JPS : Boston oui car c’était son parquet, son ambiance. Maintenant il y a des salles qui sont évidemment plus belles. J’adore le Staples Center de Los Angeles. J’y vais tous les ans dans la salle de San Antonio. Le Madison Square Garden refait, ca a de la “gueule”. Et celle aussi de Brooklyn, le Barclays Center. C’est des monuments toutes ces salles.
B-Rise : On parle des salles. On voit évidemment le fossé énorme entre les salles NBA, celles en Europe et en France. Que faire pour combler un peu ce retard ?
JPS : 1/ Il faut un modèle économique. 2/ Il faut des investisseurs. Si on permet à des investisseurs de financer des salles et de les exploiter de manière un peu différente, on pourrait peut-être en faire. On s’aperçoit après de la déficience qu’on a. La deuxième plus grande salle en France est celle de Pau, celle-ci est la 156ème capacité en Europe. D’autres salles ont été faites, l’Europe a aidé dans la construction de salles dans les pays les plus modestes dirais-je. Derrière l’Europe, c’est l’Allemagne et la France qui finance. On n’a pas de salles mais on finance celles des autres, ce qui est assez surprenant. On n’a pas besoin d’avoir des grandes salles partout mais oui au moins dans les grandes villes françaises puis au niveau européen : Paris, Lyon, Strasbourg et Marseille.
B-Rise : Y a-t-il des matchs marquants qui restent ancrer dans votre mémoire sur la scène européenne ?

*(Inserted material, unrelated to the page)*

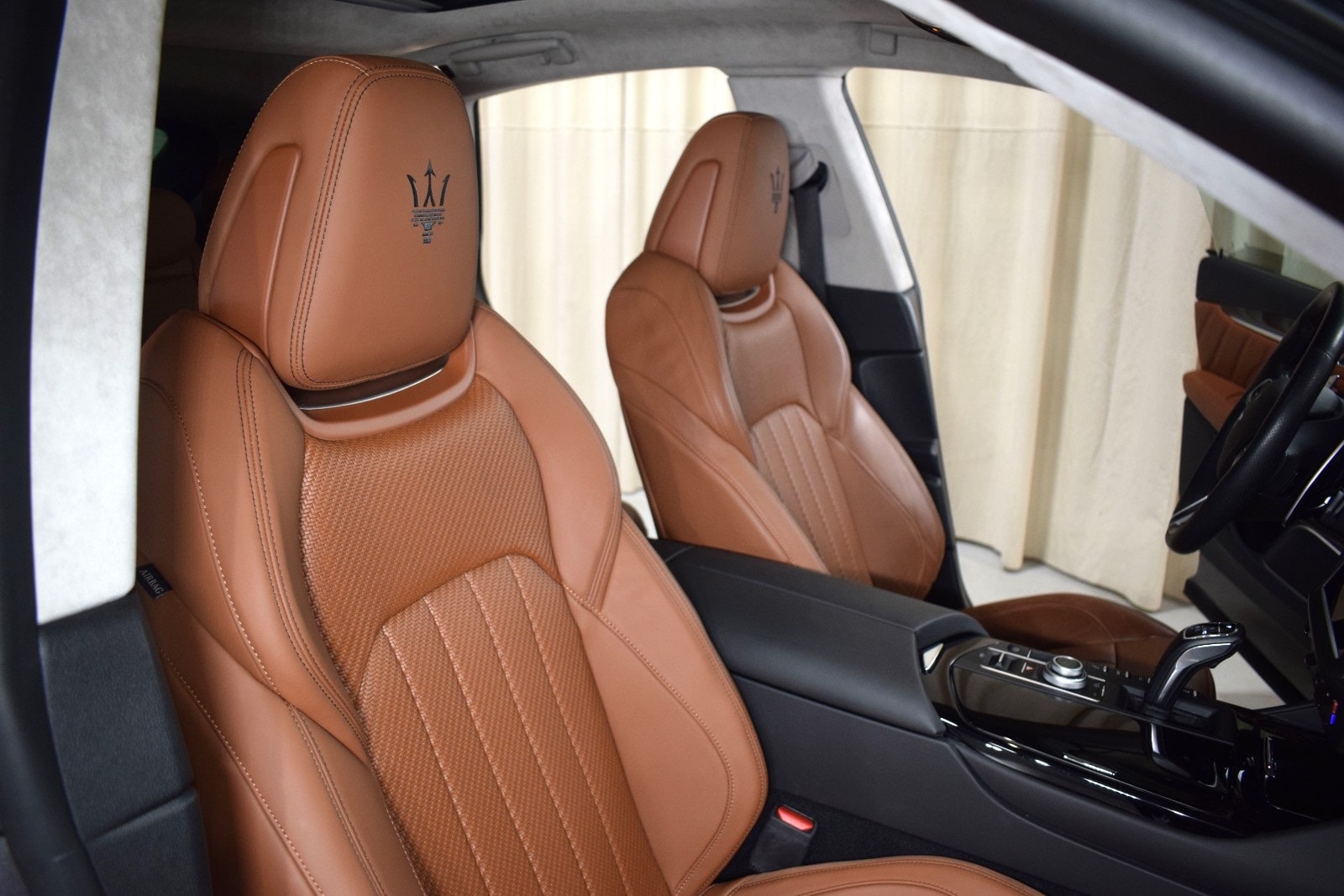 Thumbnail: 2022 Maserati Levante - 24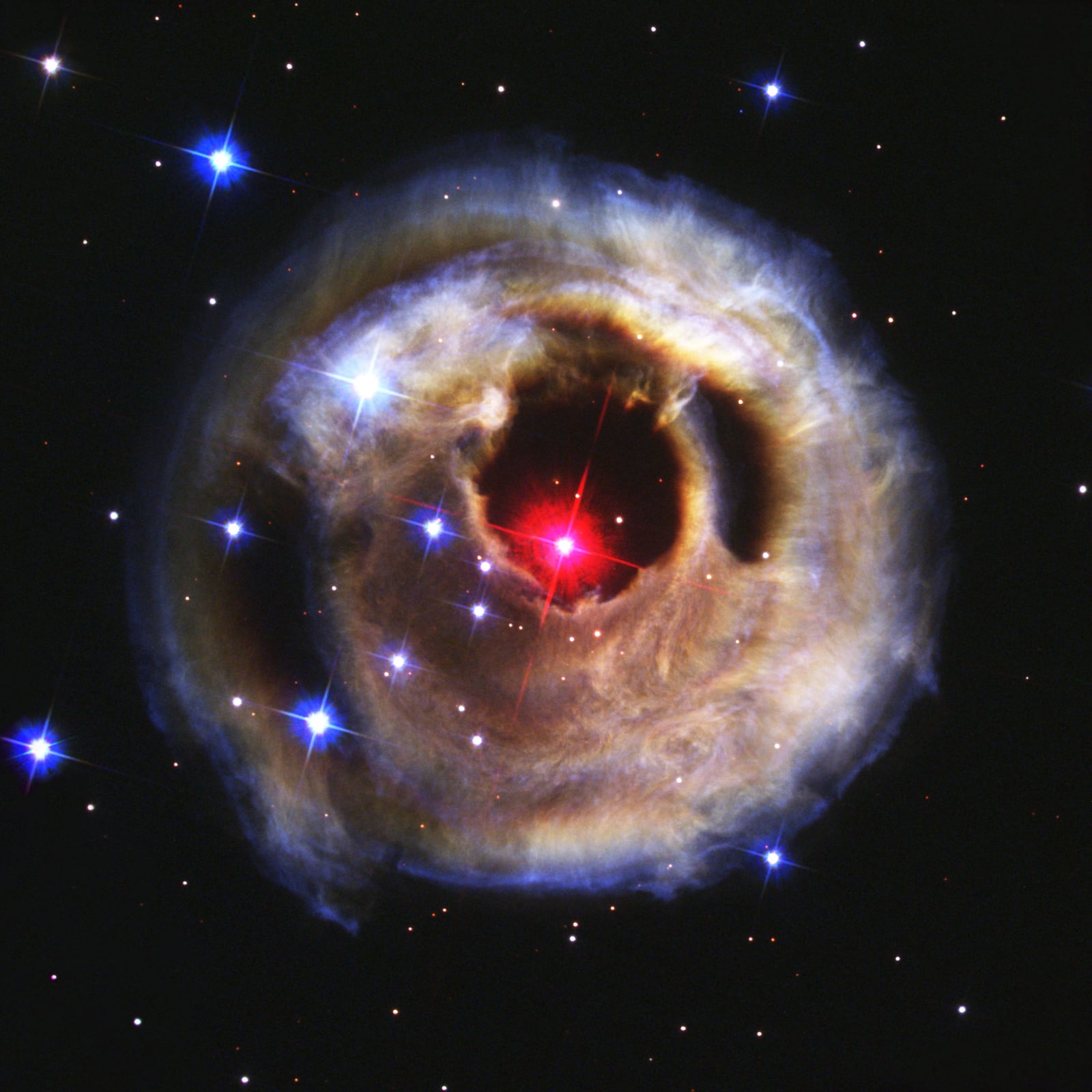 V838 Monocerotis, variável cataclísmica, em imagem do Hubble Space Telescope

JPS : Les Final Four d’Euroligue sont très bons. Je me souviens de celui de Berlin.
B-Rise : Quel serait le 5 majeur idéal NBA selon vous toutes générations confondues ?
JPS : Idéal je ne sais pas. Kevin Durant, Michael Jordan, Magic Johnson bien sur, Shaquille O’Neal et Kareem Abdul-Jabbar.
B-Rise : Même question pour le basket féminin ?
JPS : Teresa Edwards en meneuse, Diana Taurasi à l’arrière, Cheryl Miller en ailière, Katrina Mcclain en ailière et Lisa Leslie au poste 5.
B-Rise : J’en viens à ma dernière question. Quel serait le mot de la fin ?
JPS : C’était marrant de retrouver des photos du passé me concernant. Je pense que le basket français a des atouts pour continuer son développement. Ce qui est important, c’est de se souvenir du passé. Et c’est important pour construire le futur. C’était sympa cet entretien.
Un grand merci à Jean-Pierre Siutat d’avoir ouvert ses portes à B-Rise et pour ses réponses à mes questions.